The theoretical basis of this book is interdisciplinary: while dealing with Russian music and Russian culture, its core lies in the more general field of musical semiotics.
Since the completion of its first version, in 1997, several related books have appeared, three of which are central to its field of study: these are Richard Taruskin's Defining Russia Musically (1997), Laurel Fay's recent biography of Shostakovich (1999), and David Lidov's Elements of Semiotics (1999). Although I do not directly refer to them in the text, I don't think that any of them contradicts my theories and analyses, as presented here. Moreover, they seem to correlate together into a fuller and more comprehensive picture of musical semiotics in general and the music of Shostakovich in particular.
The book draws its terminology and concepts from a variety of sources. However, the most significant single source for its main theoretical basis is to be found in Robert Hatten's Musical Meaning in Beethoven (1994), to which I am greatly indebted for the concept of musical correlation, which became central to my own thought. The ideas I present are meant to continue and develop Hatten's concepts, and perhaps offer some new insights into their application to music in general and to the area of musical ambiguity in particular.
Beyond the inspiration I drew from his writings, I am deeply grateful to Robert Hatten for long and fruitful discussions over the e-mail and for his scrupulous reading of the first version of my typescript. Many of the improvements made from the first version are due to his enlightening comments and unforgiving scrutiny, and for both I am fully indebted and deeply grateful.
Likewise, I would like to express my thanks to Raymond Monelle for his good advice and mind-regenerating discussions, and to Eero Tarasti, whose work introduced me to the field of musical semiotics, for his constant intellectual support. I am also grateful to Stuart Campbell for his useful comments and his help with the translations from Russian, and to Malcolm Hamrick Brown for stimulating correspondence over the e-mail concerning the current state of research on Shostakovich.

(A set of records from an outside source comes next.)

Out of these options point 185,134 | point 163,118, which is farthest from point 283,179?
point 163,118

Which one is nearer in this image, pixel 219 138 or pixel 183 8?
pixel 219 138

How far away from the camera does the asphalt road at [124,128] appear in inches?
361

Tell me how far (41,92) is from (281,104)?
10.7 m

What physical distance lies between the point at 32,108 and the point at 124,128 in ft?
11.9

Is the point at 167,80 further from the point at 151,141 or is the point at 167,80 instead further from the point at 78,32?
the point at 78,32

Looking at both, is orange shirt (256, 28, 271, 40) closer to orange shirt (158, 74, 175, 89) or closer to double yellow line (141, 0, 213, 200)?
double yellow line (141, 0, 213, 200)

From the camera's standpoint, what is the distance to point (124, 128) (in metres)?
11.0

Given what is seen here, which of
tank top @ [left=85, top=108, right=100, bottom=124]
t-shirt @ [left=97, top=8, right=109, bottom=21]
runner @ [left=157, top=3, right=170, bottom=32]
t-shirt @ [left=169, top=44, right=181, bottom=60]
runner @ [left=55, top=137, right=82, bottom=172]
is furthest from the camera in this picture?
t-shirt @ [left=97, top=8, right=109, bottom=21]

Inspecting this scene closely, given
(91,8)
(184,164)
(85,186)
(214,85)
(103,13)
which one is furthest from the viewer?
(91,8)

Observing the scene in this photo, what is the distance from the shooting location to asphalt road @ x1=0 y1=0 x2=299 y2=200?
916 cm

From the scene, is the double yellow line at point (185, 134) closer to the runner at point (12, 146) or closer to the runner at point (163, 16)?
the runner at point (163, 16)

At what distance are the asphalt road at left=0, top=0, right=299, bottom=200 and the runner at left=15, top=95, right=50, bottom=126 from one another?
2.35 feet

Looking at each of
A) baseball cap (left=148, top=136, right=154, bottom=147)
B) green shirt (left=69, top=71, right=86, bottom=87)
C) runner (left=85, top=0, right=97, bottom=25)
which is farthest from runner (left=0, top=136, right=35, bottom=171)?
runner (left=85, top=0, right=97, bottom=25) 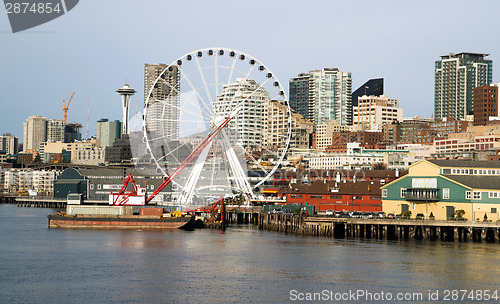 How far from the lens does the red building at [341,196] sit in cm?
10506

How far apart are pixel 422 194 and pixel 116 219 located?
4047 cm

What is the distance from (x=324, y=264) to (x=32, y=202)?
476 feet

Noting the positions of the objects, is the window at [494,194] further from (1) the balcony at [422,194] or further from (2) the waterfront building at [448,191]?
(1) the balcony at [422,194]

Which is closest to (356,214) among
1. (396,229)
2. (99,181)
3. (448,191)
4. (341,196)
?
(396,229)

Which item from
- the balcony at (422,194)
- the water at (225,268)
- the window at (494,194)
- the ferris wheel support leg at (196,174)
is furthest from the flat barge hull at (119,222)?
the window at (494,194)

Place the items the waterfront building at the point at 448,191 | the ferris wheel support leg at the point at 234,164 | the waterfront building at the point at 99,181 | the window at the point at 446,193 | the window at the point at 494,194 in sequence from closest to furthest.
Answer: the window at the point at 494,194 < the waterfront building at the point at 448,191 < the window at the point at 446,193 < the ferris wheel support leg at the point at 234,164 < the waterfront building at the point at 99,181

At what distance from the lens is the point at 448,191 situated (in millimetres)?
89375

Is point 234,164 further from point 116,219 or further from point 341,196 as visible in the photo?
point 341,196

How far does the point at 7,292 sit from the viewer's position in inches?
2073

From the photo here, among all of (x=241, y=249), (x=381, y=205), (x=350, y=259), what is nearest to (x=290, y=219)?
(x=381, y=205)

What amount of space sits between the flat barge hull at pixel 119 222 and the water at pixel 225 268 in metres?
12.4

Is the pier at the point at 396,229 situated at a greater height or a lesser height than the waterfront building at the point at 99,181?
lesser

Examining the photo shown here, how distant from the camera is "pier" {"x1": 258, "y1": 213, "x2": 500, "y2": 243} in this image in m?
83.5

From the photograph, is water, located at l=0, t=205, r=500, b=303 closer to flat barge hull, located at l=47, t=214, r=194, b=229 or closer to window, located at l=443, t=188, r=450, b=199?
window, located at l=443, t=188, r=450, b=199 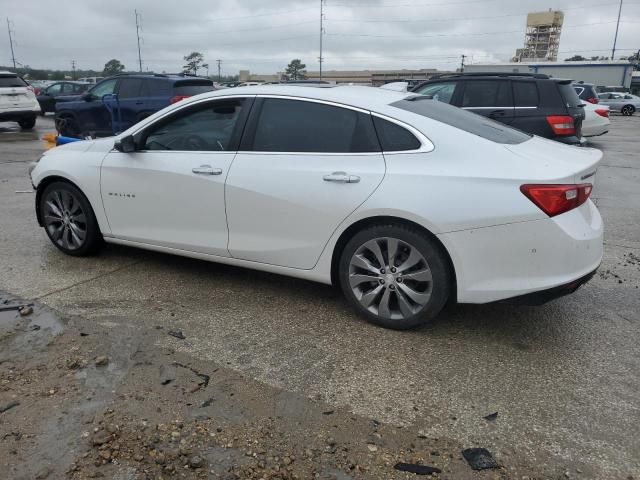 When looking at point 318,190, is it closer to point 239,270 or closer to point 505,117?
point 239,270

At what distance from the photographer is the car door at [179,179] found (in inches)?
165

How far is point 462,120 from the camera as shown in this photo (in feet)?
13.0

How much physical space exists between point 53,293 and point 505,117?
7.27 meters

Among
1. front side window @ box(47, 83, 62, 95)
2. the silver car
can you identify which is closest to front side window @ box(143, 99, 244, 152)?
front side window @ box(47, 83, 62, 95)

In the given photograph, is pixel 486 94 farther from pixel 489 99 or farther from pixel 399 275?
pixel 399 275

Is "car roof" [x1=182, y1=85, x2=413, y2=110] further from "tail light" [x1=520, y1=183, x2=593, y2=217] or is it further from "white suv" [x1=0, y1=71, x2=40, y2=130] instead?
"white suv" [x1=0, y1=71, x2=40, y2=130]

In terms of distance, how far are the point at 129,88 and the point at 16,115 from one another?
309 inches

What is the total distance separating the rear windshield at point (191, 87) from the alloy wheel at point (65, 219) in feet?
25.1

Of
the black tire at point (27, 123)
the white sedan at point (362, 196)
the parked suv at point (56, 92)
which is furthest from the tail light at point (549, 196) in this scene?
the parked suv at point (56, 92)

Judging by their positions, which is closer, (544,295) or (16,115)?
(544,295)

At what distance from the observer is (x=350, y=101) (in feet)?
12.8

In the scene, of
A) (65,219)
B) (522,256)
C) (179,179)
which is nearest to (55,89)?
(65,219)

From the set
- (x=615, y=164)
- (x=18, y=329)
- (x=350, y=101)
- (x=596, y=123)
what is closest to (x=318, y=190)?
(x=350, y=101)

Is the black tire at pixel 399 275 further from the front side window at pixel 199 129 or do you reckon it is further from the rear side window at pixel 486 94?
the rear side window at pixel 486 94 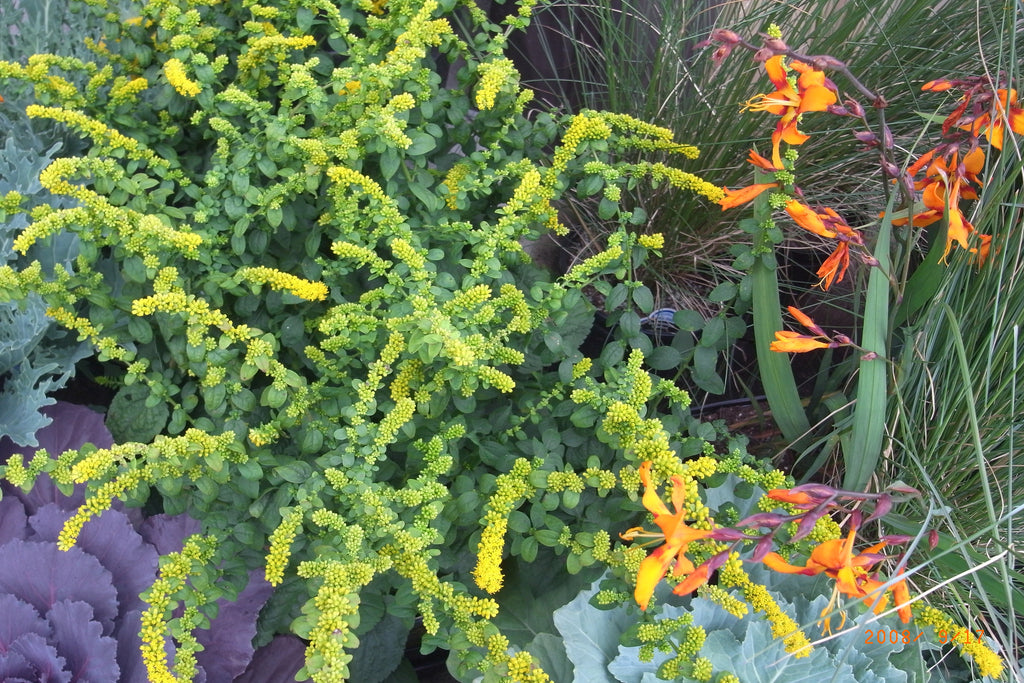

My warmest thanks to my son Ofer, who copied and designed all the music examples in this book. I am also indebted to him for his useful comments, and his admirable patience with my many last-minute modifications.
I am indebted to the University of Edinburgh for providing me with financial support to accomplish some of the more complicated technicalities involved in the production of this book, and deeply grateful to my colleagues who covered my teaching duties during the time I was preparing it for publication.
An interdisciplinary research must involve more than one person, and this research is no exception. Many people have contributed to the final result, in various fields of knowledge and in a variety of ways: recommending a particular source that I had missed, providing hard-to-obtain material or correcting my awkward translations from Russian, German and French sources. Others granted me valuable time in discussions that brought up new ideas and refined older ones. The serendipity of these encounters shed sparks of light on a work that otherwise is often quite lonely and secluded.